Minister over the Masses (司徒)
- In office May 221 – September or October 222
- Monarch: Liu Bei
- Chancellor: Zhuge Liang

Grand Tutor (太傅)
- In office 219 – May 221
- Monarch: Liu Bei

Chief Clerk to the General of the Left (左將軍長史)
- In office c. 215 – 219
- Monarch: Emperor Xian of Han

Administrator of Shu Commandery (蜀郡太守)
- In office ? – 214
- Monarch: Emperor Xian of Han

Administrator of Guanghan (廣漢太守)
- In office ?–?
- Monarch: Emperor Xian of Han

Administrator of Ba Commandery (巴郡太守)
- In office ?–?
- Monarch: Emperor Xian of Han

Personal details
- Born: Unknown Pingyu County, Henan
- Died: 222 Chengdu, Sichuan
- Relations: Xu Chang (cousin); Xu Shao (cousin); Xu You (许游) (grandson; son of Xu Qin);
- Children: Xu Qin (许钦)
- Occupation: Politician
- Courtesy name: Wenxiu (文休)

= Xu Jing (Three Kingdoms) =

Shu Han state official (died 222)

Xu Jing (c.late 140s - September or October 222), courtesy name Wenxiu, was a Chinese politician of the state of Shu Han in the early Three Kingdoms period of China.

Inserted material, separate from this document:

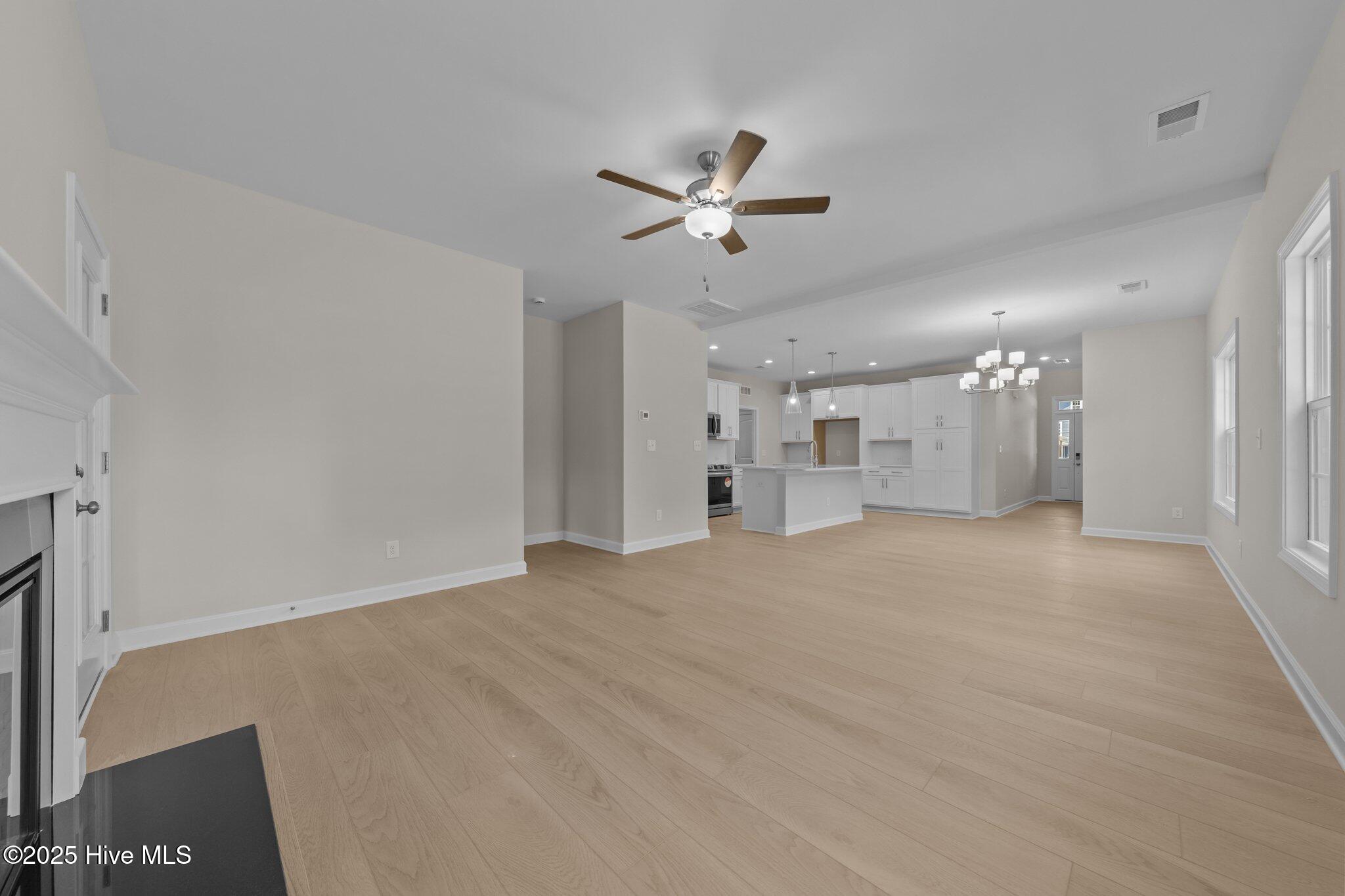 501 Watauga Lane, 542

After Liu Zhang announced his submission to Liu Bei, Xu Jing swore his allegiance to Liu Bei. Like his cousin Xu Shao, Xu Jing was famous for being a good character evaluator. However, the cousins could not get along with each other. Before falling out with each other, they would give comments on certain persons or topics on the first day of every month.

After Liu Bei was declared himself emperor and established the Shu Han state on 15 May 221, he appointed Xu Jing as Minister over the Masses, an office ranking just below Imperial Chancellor (held by Zhuge Liang). Xu Jing died in September or October 222, after holding office for about 16 months. The office of Minister of the Masses wasn't filled after Xu's death.

As Xu Jing's elder brother once served under Chen Ji, Xu Jing was on good terms with Yuan Huan, Hua Xin and Wang Lang. After Cao Cao was made Duke of Wei in 213, Hua Xin, Wang Lang and Chen Qun (Chen Ji's son) served as important officials of Wei. Despite their different allegiances, the three frequently exchanged warm letters with Xu Jing, reminiscing about the past.

Chen Zhi was a maternal grandson of an elder brother of Xu Jing. As Chen was orphaned at a young age, he was raised by Xu Jing.